Introduction
Deepseek recently published a paper titled mHC: Manifold-Constrained Hyper-Connections where they fix training instabilities introduced by the Hyper-Connections paper by constraining the weight matrices to be doubly stochastic, i.e., elements of the Birkhoff polytope. The crux is that, to prevent the activations and gradients from blowing up, the residual transform $A_l$ in the following residual block for Hyper-Connections has to be non-expansive.
$$\begin{equation} x_{l+1} = A_l x_l + B_l^T f(C_l x_l, W_l) \end{equation}$$The instability problem becomes clearer when we recursively extend hyper-connections to multiple layers,
$$\begin{equation} x_{L} = \left(\prod_{i=1}^{L-l} A_{L-i}\right) x_l + \sum_{i=l}^{L-1} \left( \prod_{j=1}^{L-1-i} A_{L-j} \right) B_i^T f(C_i x_i, W_i) \end{equation}$$where $L$ and $l$ are indices for a deeper and a shallower layer, respectively. If $\| A_l \|_{2 \to 2} > 1$, then the product $\| \prod_{i=1}^{L-l} A_{L-i} \|_{2 \to 2}$ explodes.

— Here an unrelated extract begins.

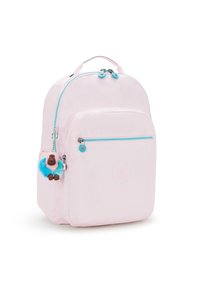 Světle růžový batoh s hladkým povrchem, dvěmi zipy v teal barvě, přední kapsou a přívěskem ve tvaru opice modro-hnědé barvy. Kulatý detail loga.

The obvious fix is to simply constrain $A_l$ such that $\| A_l \|_{2 \to 2} \leq 1$. Any subset of the spectral ball of radius 1 works so long as we can form at least a semigroup under matrix multiplication. We could, for example, constrain $A_l$ to be orthogonal, or cap the eigenvalues by 1 as in Section 2 of Rethinking Maximal Update Parametrization: Steepest Descent on the Spectral Ball. Deepseek chose to constrain $A_l$ to be a doubly stochastic matrix, which guarantees $\| A_l \|_{2 \to 2} \leq 1$ by the Perron-Frobenius theorem (but some direction(s) may be contractive).

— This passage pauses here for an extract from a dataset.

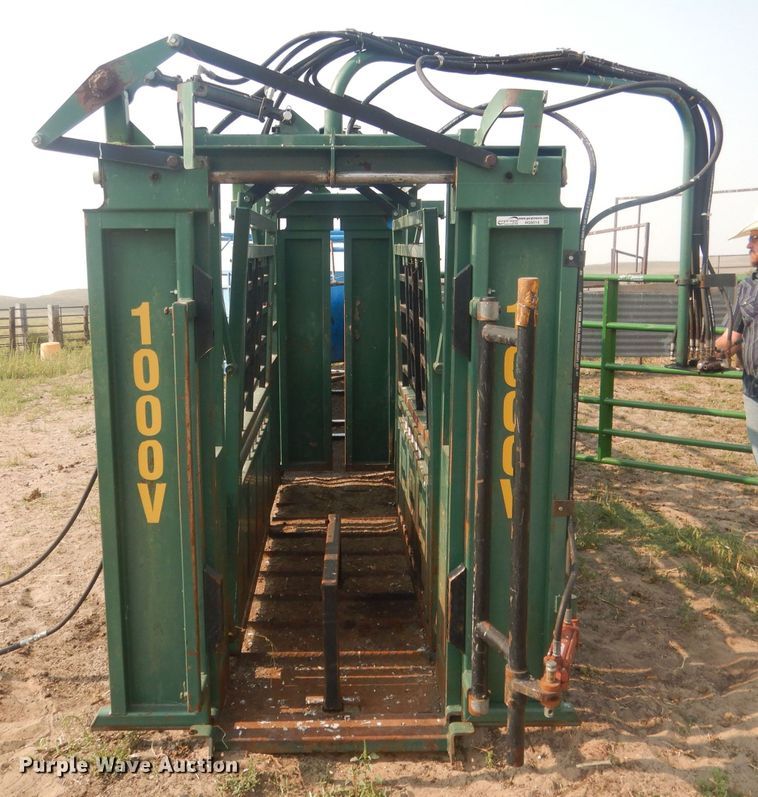 image for item HQ9514 Northstar 1000V  livestock chute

Oddly enough, despite having “manifold” in the title, they do not actually perform optimization on the Birkhoff polytope nor is it even a manifold. This polytope has “boundaries” and “corners” where we no longer have tangent spaces, but rather tangent cones. They do prevent $A_l$ from landing on the boundaries by exponentiating the entries before projecting onto the Birkhoff polytope using the Sinkhorn-Knopp operator–and the interior of the Birkhoff polytope is indeed a manifold. But even then, they do not use any properties of this manifold!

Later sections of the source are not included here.